D’où également le caractère camp du film, entre nostalgie et détachement, à travers la féminité enfantine, le décor fabriqué, le style équivoque, l’évocation de figures comme Maë West ou Carmen Miranda, l’extravagance et l’emphase scénique. « Ainsi les choses deviennent “ camp ”, non pas du fait qu’elles vieillissent, mais du fait qu’elles se sont détachées de nous ; ainsi pouvons-nous goûter en elles jusqu’au bout de l’échec, sans aucunement nous sentir frustrés », écrit Susan Sontag dans ses notes sur le camp [7]. Sous ses dehors frivoles Shirley Temple Story raconte une fable ornementale et archéologique. Au diapason d’un certain cinéma politique et formel des années 1970, croisant dénudation de la forme et critique sociale, le film d’Antoni Padrós provoque une déflagration entre promesse et réminiscence, transition et reprise, à la manière d’une déchirure temporelle. Sans doute son insolence intempestive a-t-elle rencontré avec bonheur, en ce dimanche barcelonais d’avril 1992, ma propre condition de cinéphile.
Érik Bullot
[1] Serge Daney, Persévérance, Entretiens avec Serge Toubiana, Paris, P.O.L, 1994, p. 88-89.

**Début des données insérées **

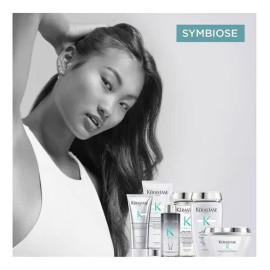 Kit Tratamiento para el Cabello Anti Caspa Kerastase Symbiose Serum Cellulaire Nuit Shampoo Bain Puret y Acondiconador Fondant Apaisant Essentiel     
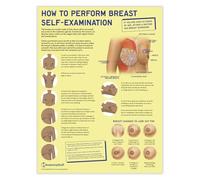 AnatomyStuff How to Perform Breast Self-Examination (BSE) Poster/Chart, 45x60 cm, 18x24 inches, Breast Anatomy, Breast Cancer Awareness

[2] Certains plans furent tournés, semble-t-il, avec la pellicule son destinée au tirage des pistes optiques, au fort contraste.
[3] L’un des premiers films d’Antoni Padrós s’intitule Alice Has Discovered the Napalm Bomb(1968-69).
[4] Victor Chklovski, Sur la théorie de la prose, trad. Guy Verret, Lausanne, L’Âge d’homme, 1973, p. 211-244.
[5] Mentionnons également le tableau de Salvador Dalí, réalisé en 1939, Shirley Temple, The Youngest, Most Sacred Monster of the Cinema in Her Time.
[6] L’Asociación para la Recuperación de la Memoria Histórica, soucieuse de procéder à une archéologie du passé franquiste, fut créée au début des années 2000. La Ley de Memoria Histórica, « pour que soient reconnus et étendus les droits et que soient établis des moyens en faveur de ceux qui ont souffert de persécution ou de violence durant la Guerre civile et la Dictature »,fut adoptée seulement en 2007. À l’inverse de l’Argentine, l’Espagne n’a procédé à aucun procès, à ma connaissance, contre les acteurs de la dictature.
[7] Susan Sontag, « Le Style “ camp ” », in L’Œuvre parle, trad. Guy Durand, Paris, Christian Bourgois, 2010, p. 438.